Oct 14 (Reuters) - Euro zone bond yields fell on Friday after a top European Central Bank policymaker flagged recession risks and investors grew wary of pricing in more aggressive monetary tightening.
The ECB is prepared for a possible technical recession paired with high inflation, which must be brought down to maintain market confidence, European Central Bank Vice-President Luis de Guindos said.
Investors will also focus on gilts after reports that Prime Minister Liz Truss's government was considering a U-turn on some of the measures in its late-September "mini-budget".
Prime Minister Truss and her finance minister Kwasi Kwarteng are "determined and resolute" to deliver their economic plans that have caused turmoil in the markets, junior trade minister Greg Hands said.

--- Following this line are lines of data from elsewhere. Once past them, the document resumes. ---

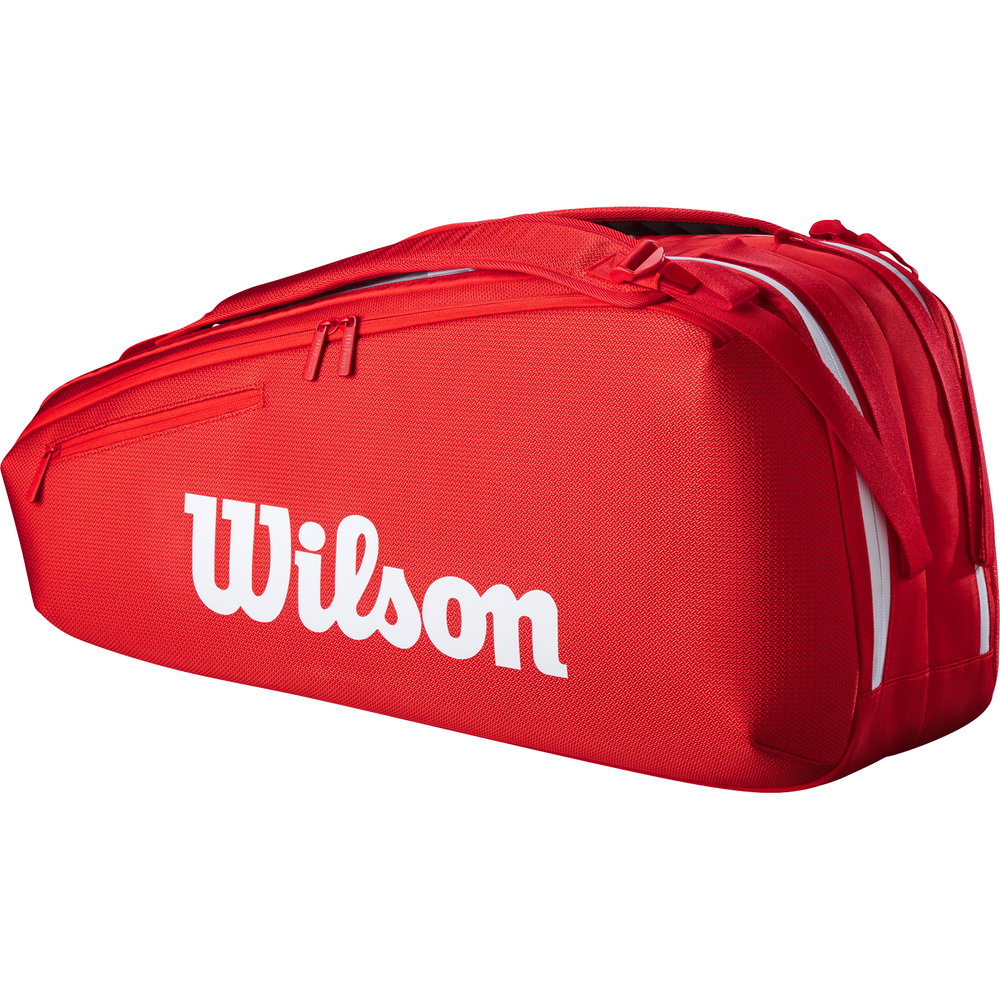 Wilson - Super Tour Red 6 Pack Tennistasche rot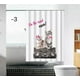 thumbnail image 1 of Cortina De Tela Para Baño Ducha Color Blanco Gatitos, 1 of 3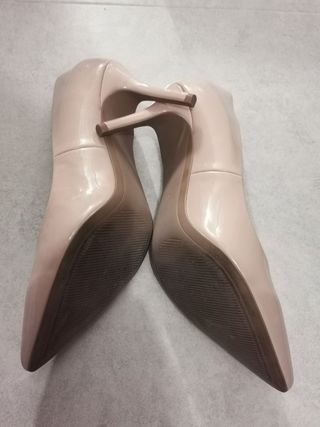 Zapatos tacón nude 40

"Investors are waiting to understand what will happen in the UK as a rise in gilt volatility will spread to the euro area," said Massimiliano Maxia, senior fixed income specialist at Allianz Global Investors. "Of course, de Guindos mentioning recession risks strengthens the view that the ECB will have to soften its stance."
Yields in British 10-year gilt were down 9 basis points (bps) at 4.1%.
Germany's 10-year government bond yield , the benchmark of the euro zone bloc, fell 9.5 bps to 2.21% after dropping 4.5 bps the day before. It hit its highest level since August 2011 at 2.423% on Wednesday.
"Euro area yields dropped late yesterday despite strong U.S. inflation data with investors not willing to bet on more monetary tightening," Allianz Global Investors' Maxia added.
U.S. consumer prices increased more than expected in September as rents surged by the most since 1990, but the numbers were not enough to push investors to price in more ECB monetary tightening and yields fell late on Thursday.
"The fact that inflation keeps outperforming consensus puts into question whether the neutral rate has risen compared to the post-Global Financial Crisis/pre-covid levels, higher than around 2.5%," Mizuho rate strategists said.
"But further inflation prints are needed before confirming this view with more conviction," they added.
Analysts have flagged some concerns about supply in government bond markets, with euro zone countries expected to increase public spending to fight the adverse impact of surging energy prices.
ECB policymakers discussed earlier this month a detailed timeline for running down a 3.3 trillion euro bond portfolio and envisioned the start of quantitative tightening sometime in the second quarter of 2023, sources told Reuters this week.
But Bank of America expects euro zone net government bond supply to rise close to a record high of 400 billion euros ($388 billion) next year.